Stavolta non ci sono nemici nel mirino. Stavolta non ci sono accuse per tizio o caio. Il tono è conciliante, quasi suadente. Niente aggressività, zero arroganza. E’ stata la conferenza stampa delle scuse, delle ammissioni e dell’autocritica. Una novità per la Fiorentina di Commisso

Clima di serenità

Ieri il direttore generale Alessandro Ferrari e il direttore sportivo Daniele Pradè hanno affrontato la stampa innescando da subito un clima di serenità. Si parla della squadra che sta a cuore a tutti: dirigenti, tifosi, giornalisti. 

La sconfitta nella finale di Conference, anzi, quella cocente delusione collettiva, è diventata uno spartiacque tra il prima e il dopo. Un trauma che potrebbe rivelarsi taumaturgico per i rapporti tra la società viola e il resto del mondo.

“Mi dispiace e chiedo scusa”

“I tifosi per me e la mia famiglia vengono prima di tutto e tutti. Mi dispiace non averlo ricordato anche al termine della partita”, ha scritto il presidente Commisso nella sua lettera aperta. E ancora: “Mi dispiace e chiedo scusa per il mercato di gennaio”; “Sono il primo a essere deluso anche per la posizione di classifica in Campionato”. 

Mea culpa

Un mea culpa che è continuato nelle frasi di Ferrari e Pradè: “Abbiamo sbagliato a non parlare dopo la sconfitta, il dolore annebbia la lucidità”;  “Non siamo soddisfatti dell’ottavo posto”. E sul mercato di gennaio: “Un errore non essere riusciti a sostituire Vlahovic”. Tanto che l’acquisto di un centravanti è “la priorità di mercato” e, nonostante le attenzioni al bilancio, anche prima di incassare da qualche cessione, “se si presenterà un’occasione da aggredire, abbiamo già l’ok del presidente”.

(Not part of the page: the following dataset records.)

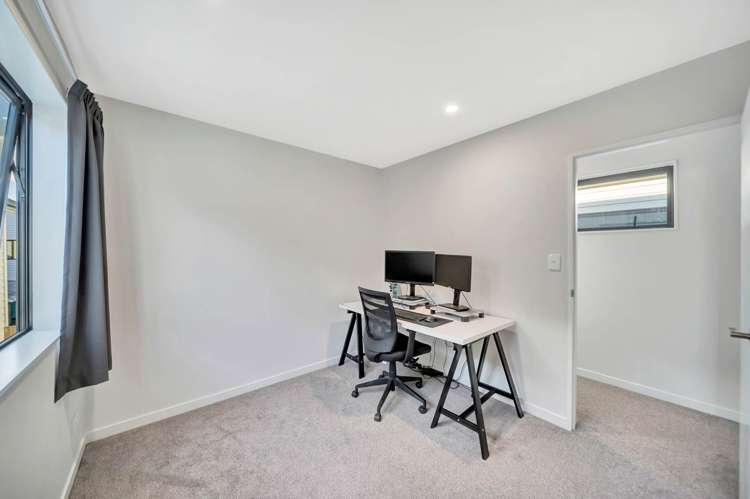 9 John Burn Road Takanini_15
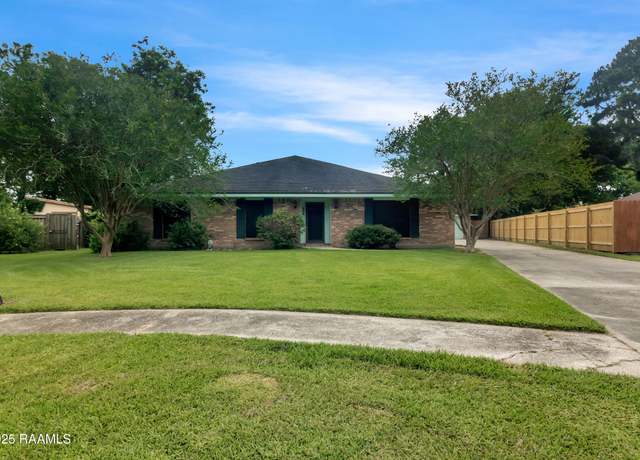 Property at 504 Presbytere Pkwy, Lafayette, LA 70503, 3 beds, 2 baths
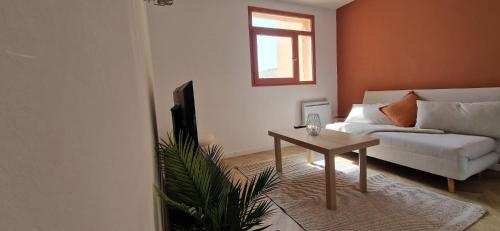 un salon avec un canapé et une table dans l'établissement Marseille Frioul, à Marseille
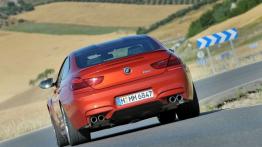 BMW M6 Coupe 2012 - widok z tyłu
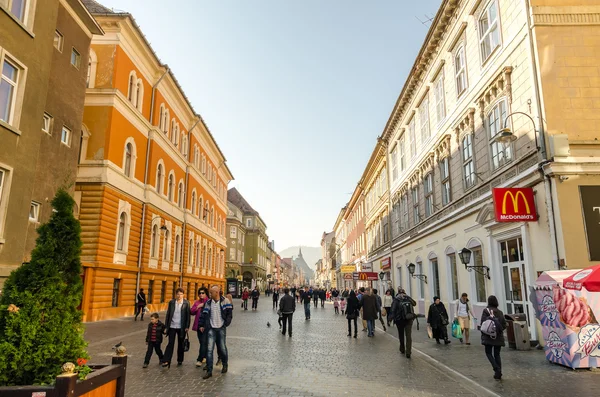 Hlavní ulice v Brasov — Stock fotografie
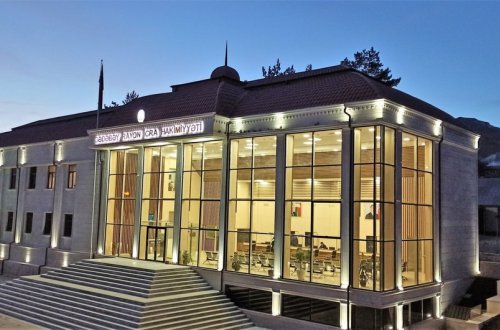 Prezidentin köməkçisi yeni icra başçısını kollektivə təqdim edib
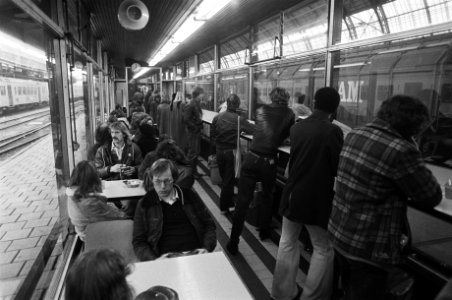 FNV aktiedag tegen looningreep mensen in wachtkamer op Centraal Station (Amster, Bestanddeelnr 930-7334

Quasi una rivoluzione copernicana nell’atteggiamento della dirigenza viola, in grado di far passare in secondo piano l’annuncio di Palladino nuovo allenatore.

Un'azzeccata coincidenza?

Mentre i due parlavano nella sala stampa del Viola Park, dietro a loro passava la scritta: “The beginning of new era”: l’inizio di una nuova era. Solo un’azzeccata (e confortante) coincidenza?